Don’t Let the Waterfall Halt Your Legal Career: Utilizing Effective Coaching and Mentoring

September 23, 2024

Key Points:

·         Coaching and Mentoring are instrumental in helping attorneys successfully navigate the legal profession.

·         A successful Mentor Relationship is defined by key attributes, including a capacity to listen and trust.

Approximately 500 miles off the eastern coast of Africa sits the tropical island of Mauritius. On the island’s southwest, Mauritius offers a spectacular sight from the proper perspective (from the air looking toward the island): an enormous underwater waterfall, which appears to be draining all the sand and water away from the island into the unknowable depths of the ocean.

This phenomenon is seen in the striking photograph on our home page. The photograph also captures a boat that, from the audience’s vantage point, seems to be trying desperately to motor its way to the top of the waterfall, lest it too be dragged below.   

The entire spectacle, however, is an illusion created by the movement of silt due to underwater currents and Mauritius’ location at the top of a submarine plateau. In fact, there is no waterfall, and the boat is in no danger, it is streaming unencumbered across the water, its occupants no doubt soaking in the stunning vista.

To me, this photograph parallels how young attorneys often come to view their path in the legal profession. Without the proper support, they feel like they are battling their way up a raging waterfall of doubt and anxiety. This feeling of drowning in the surf is further exacerbated by mantras like “learn by doing,” “drink from the firehouse,” and “sink or swim,” which abound in the legal profession and at law firms and are seen as a way of separating the chaff from the wheat.

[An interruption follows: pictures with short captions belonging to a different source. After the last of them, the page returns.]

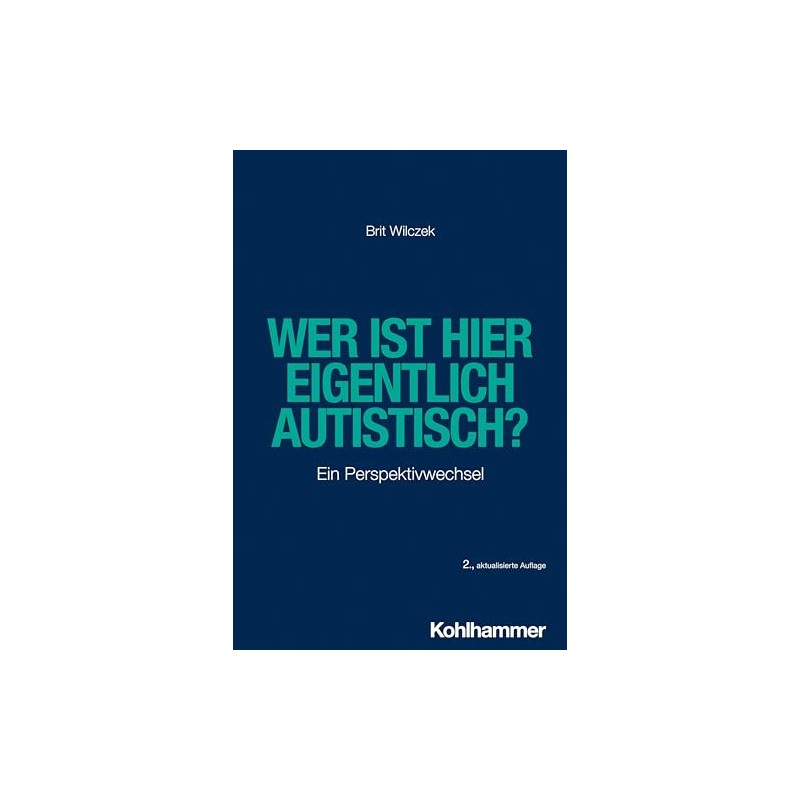 Wer ist hier eigentlich autistisch?: Ein Perspektivwechsel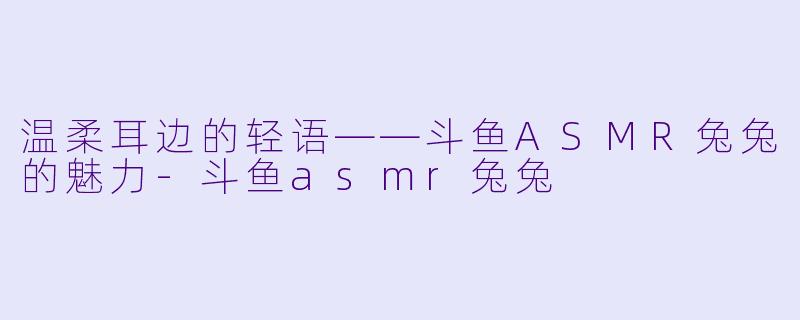 温柔耳边的轻语——斗鱼ASMR兔兔的魅力-斗鱼asmr兔兔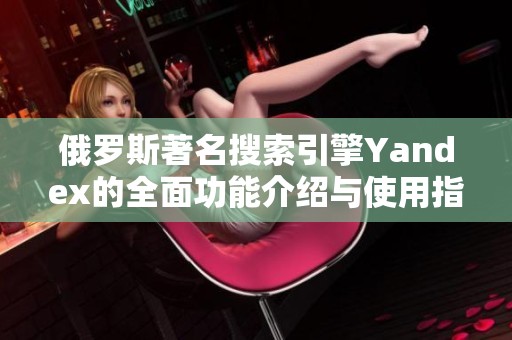 俄羅斯著名搜索引擎Yandex的全面功能介紹與使用指南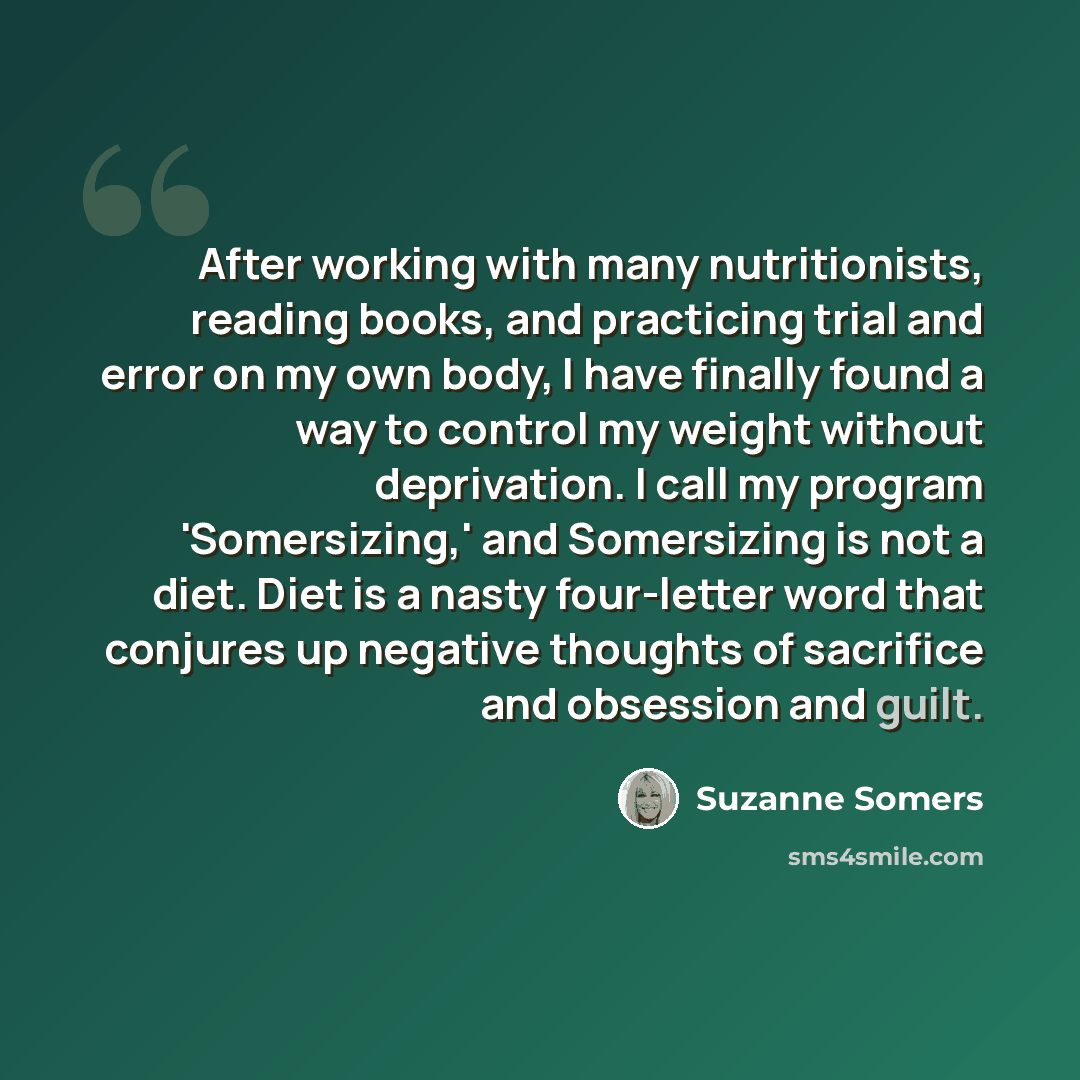 “After working with many nutritionists, reading books, and practicing trial and error on my own body, I have finally found a way to control my weight without deprivation. I call my program 'Somersizing,' and Somersizing is not a diet. Diet is a nasty four-letter word that conjures up negative…” quote by Suzanne Somers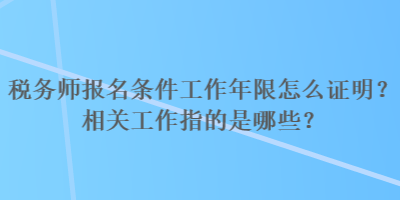 稅務師報名條件工作年限怎么證明？相關工作指的是哪些？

The reality, however, is that the “waterfall,” against which young attorneys are rowing, is illusory and need not exist. It is an unnecessary and false construct. Too many good attorneys have been “weeded out” through a lack of coaching and mentoring. This despite the fact that it is widely accepted that coaching and mentoring provide many benefits, including:

·         the development of new skills;

·         the avoidance of mistakes that come early in one’s legal career;

·         an increased ability to navigate the firm culture;

·         greater associate loyalty to the firm (and thus retention); and

·         the building of connections, both internal and external.

The reasons vary for why this support structure is missing. For lawyers outside the law firm setting, they may not know who to go to. For those within a law firm, the firm may not have a mentorship program. And even for those well-meaning law firms that recognize the importance of mentorship, their best intentions often cannot override the inescapable realities that partners are unavoidably distracted by business development, client management, and their day-to-day case work and might not be comfortable being a mentor, and associates may be paired with the wrong person and are never going to be fully comfortable being fully candid with someone in-house.

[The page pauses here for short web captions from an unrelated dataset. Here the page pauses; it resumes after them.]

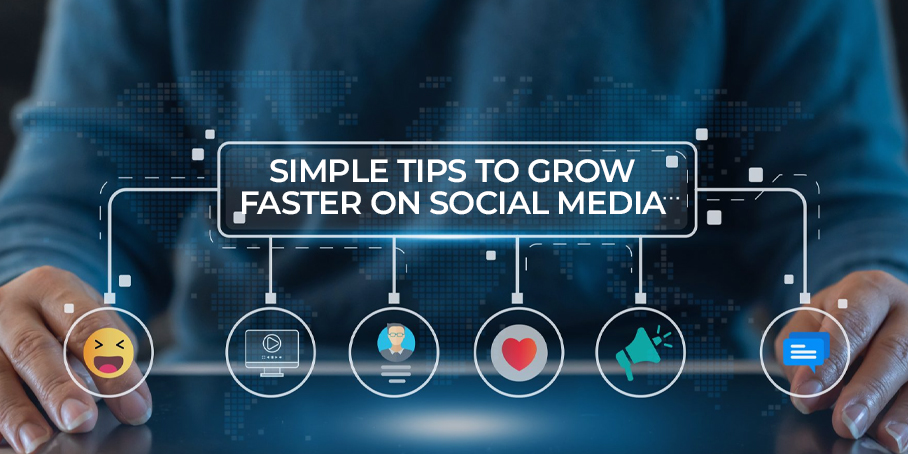 Simple Tips to Grow Faster on Social Media Simple Tips to Grow Faster on Social Media
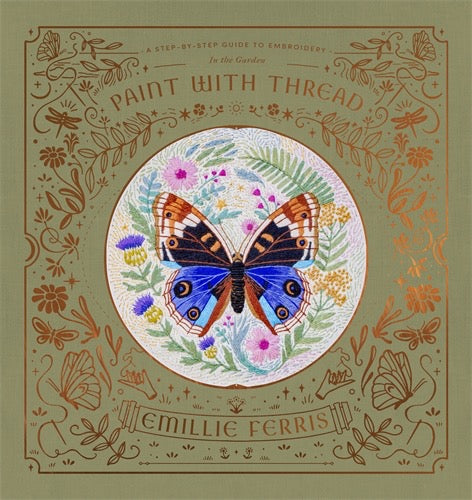 Paint with Thread - In the Garden by Emillie Ferris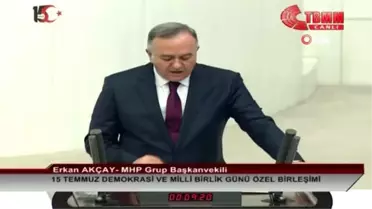 MHP Grup Başkanvekili Erkan Akçay: '15 Temmuz, Türk milletinin iradesine sahip çıktığı, yeniden...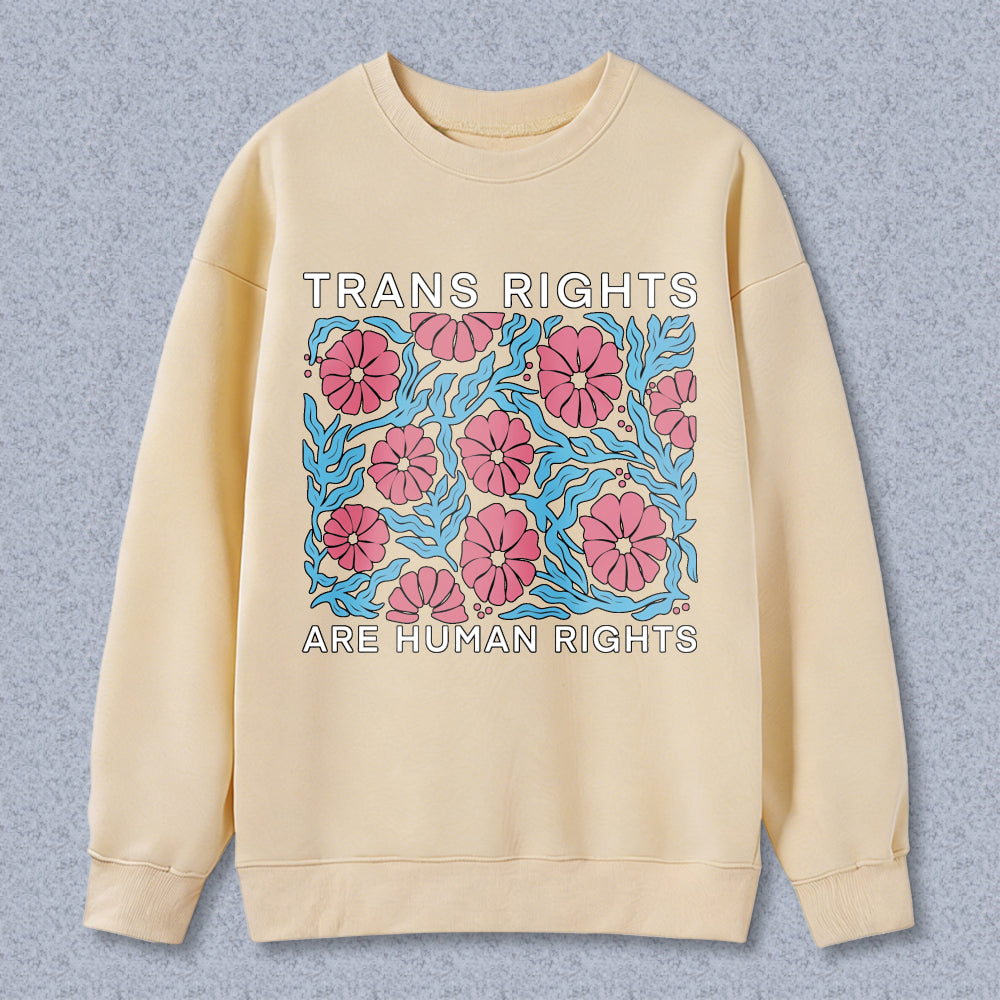 Wardrobecart Trans Rights Are Human Rights Floral Pattern Unisex Classic Sweatshirt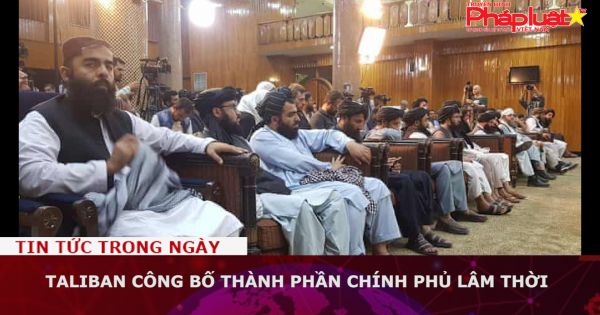 Taliban công bố thành phần chính phủ lâm thời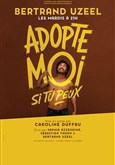 Bertrand Uzeel dans Adopte moi si tu peux Théâtre Lepic - ex Ciné 13 Théâtre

This is where an outside perspective can help. Regardless of whether you look externally or internally, attorneys should look for a mentoring program or mentor who:

·         has developed a well thought-out process;

·         has significant experience;

·         is available and wants to listen;

·         is as candid about their missteps as their successes;

·         is trustworthy and someone you can be candid with;

·         motivated to help you create a short-term and long-term plan for career development; and

·         motivated to help you follow through on that plan and adapt to changing circumstances.

You don’t have to fight the waterfall alone and, with the proper support, you may realize there is, in fact, no waterfall.